Structured data quality in the KYC dataset revealed how fundamental data management failures can compromise regulatory compliance and operational effectiveness in financial institutions. The analysis demonstrated that missing values, duplicate records, inconsistent formatting, and invalid data ranges create cascading problems throughout customer relationship management and risk assessment systems.

Unstructured data quality challenges in financial news and social media present unique difficulties including source reliability assessment, content contamination, temporal inconsistencies, and standardisation issues. These problems can lead to flawed sentiment analysis, poor trading decisions, and systematic misinterpretation of market signals.

The broader implications for financial data quality extend beyond immediate operational concerns to encompass regulatory compliance failures, inaccurate risk assessments, compromised algorithmic trading decisions, and potential loss of customer trust. Effective data quality management requires robust validation rules, clear governance policies, reliable source verification, complete audit trails, and continuous monitoring procedures.

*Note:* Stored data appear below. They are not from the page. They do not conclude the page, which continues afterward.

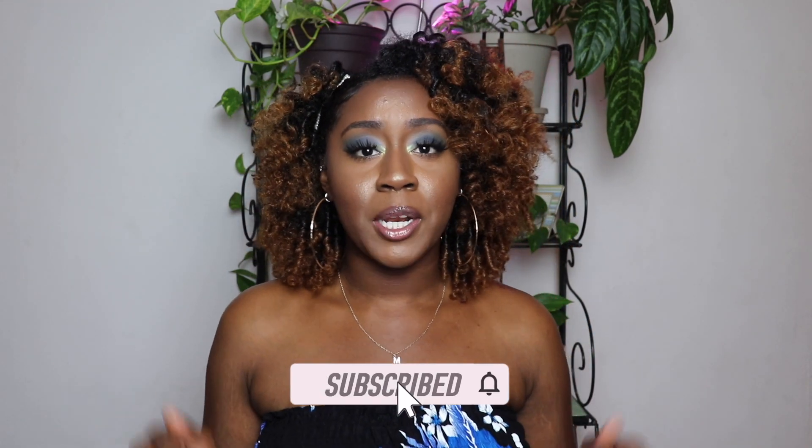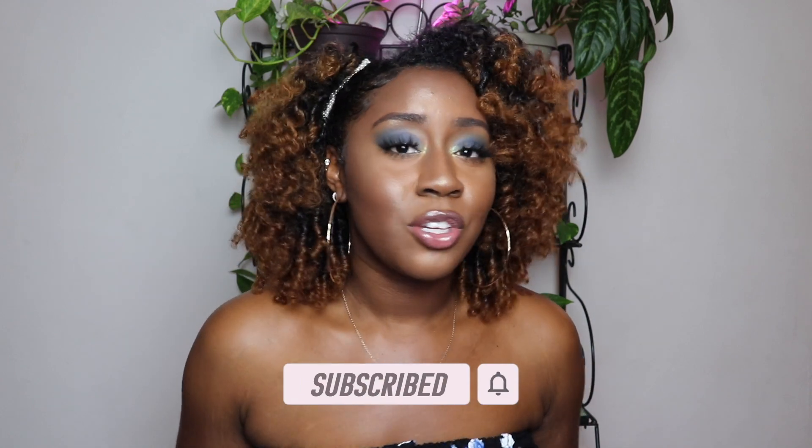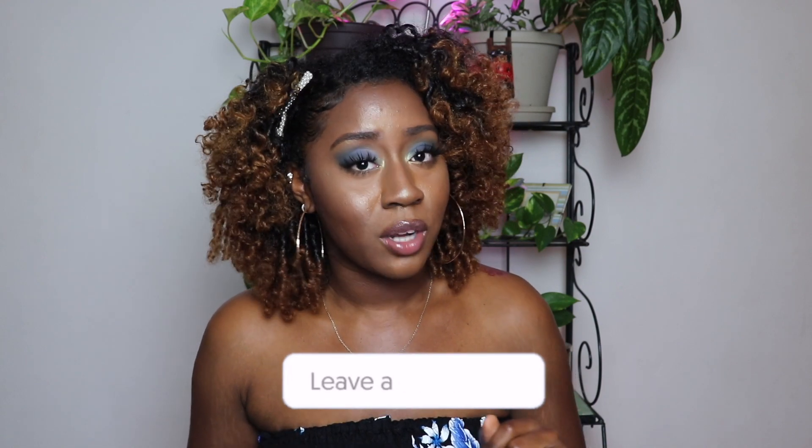Hey y'all, welcome back to my channel — welcome if you're new, I'm Marissa Rae, thank you so much for joining us and clicking on this video. If you are new, make sure you hit that subscribe button below and turn on your notification bell so that you never miss the upload. Today's video is going to be all about how to treat colored hair and keep it healthy. All of these tips are things that have worked for me, and everything I'm going to mention is going to be super helpful, so definitely try them out and let me know down in the comments if they worked for you.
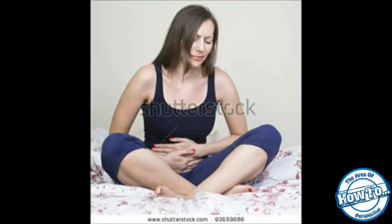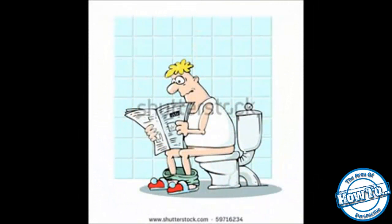This method also needs to be used with caution — read the instructions well. Natural laxatives: using foods that have a laxative effect can also be one of the solutions on how to relieve constipation fast.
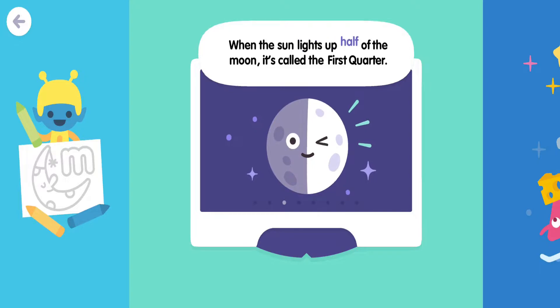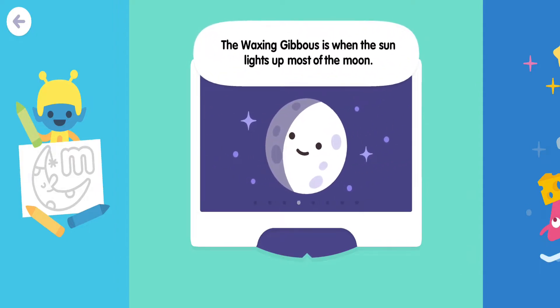When the sun lights up half of the moon, it's called the first quarter. The waxing gibbous is when the sun lights up most of the moon.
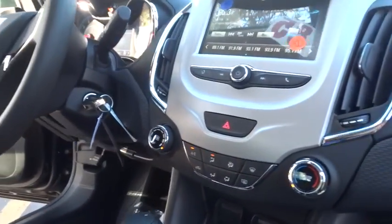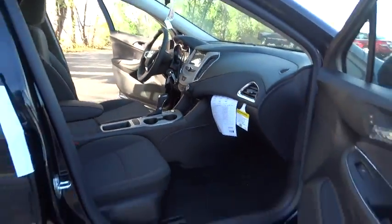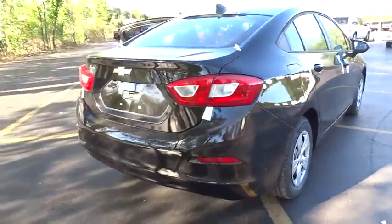Keyless entry, stability control, anti-lock braking system, traction control, backup camera, Bluetooth, power steering, adjustable steering wheel, four-wheel disc brakes.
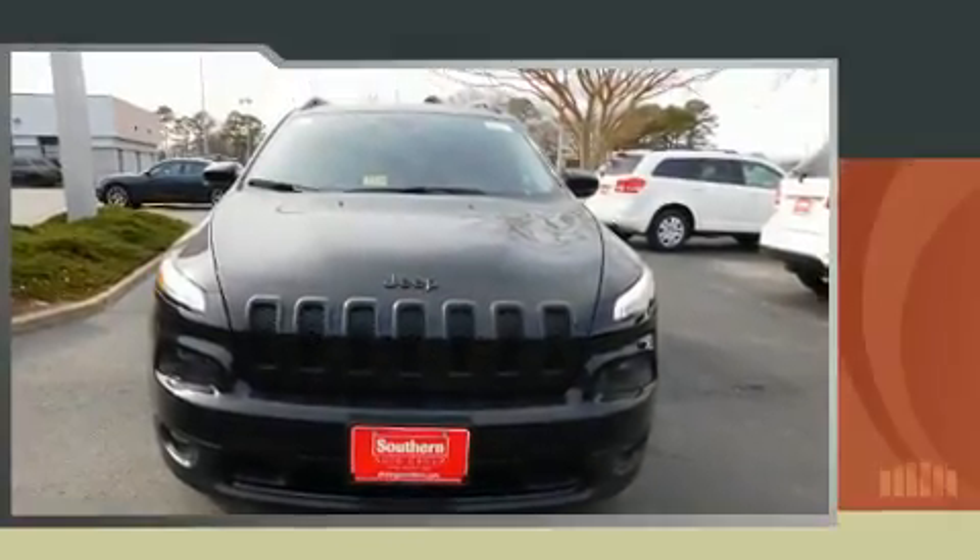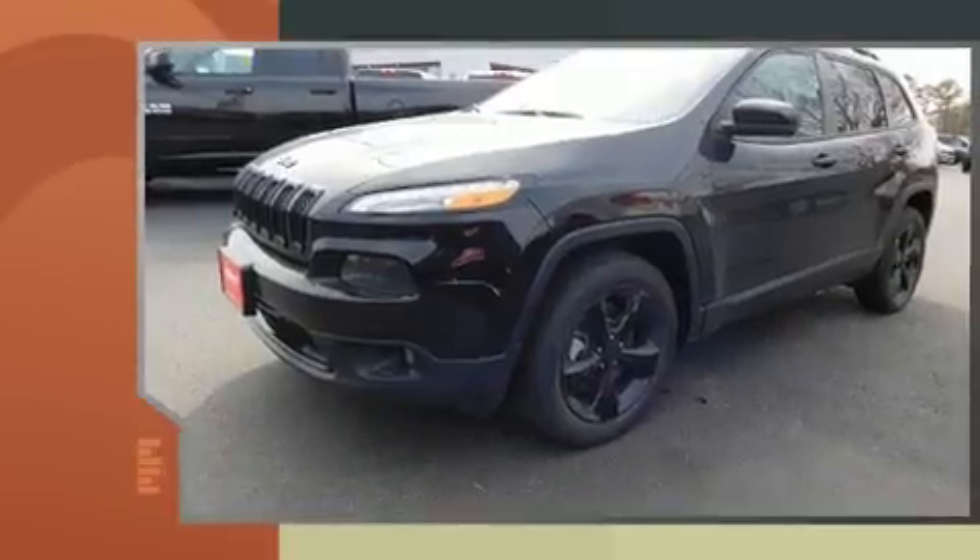Load your family into the 2017 Jeep Cherokee. Smooth gear shifts are achieved thanks to the 2.4-liter four-cylinder engine.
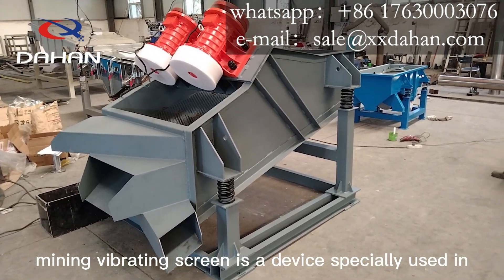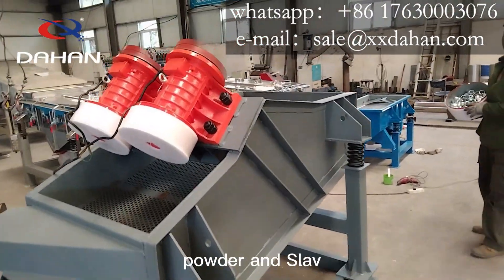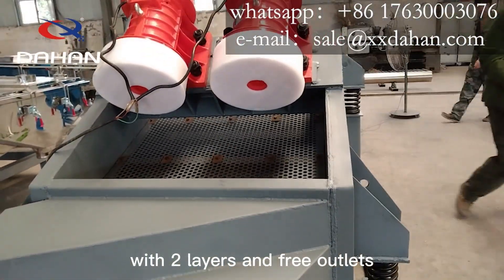Mining Vibrating Screen is a device specially used in mines and other places to screen ore powder and slab. This Mining Vibrating Screen is a vibrating screen with two layers and three outlets.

Organisations must implement comprehensive data quality frameworks that address both structured and unstructured data challenges whilst maintaining the flexibility to adapt to evolving data sources and analytical requirements. The cost of poor data quality in financial services extends far beyond immediate operational inconvenience to encompass significant regulatory, reputational, and financial risks.

---

**References:**
- Wang, R. Y., & Strong, D. M. (1996). Beyond accuracy: What data quality means to data consumers. *Journal of Management Information Systems*, 12(4), 5-33.
- Batini, C., & Scannapieco, M. (2016). *Data and information quality: Dimensions, principles and techniques*. Springer.
- Financial Conduct Authority. (2021). *Data governance and quality standards for financial institutions*.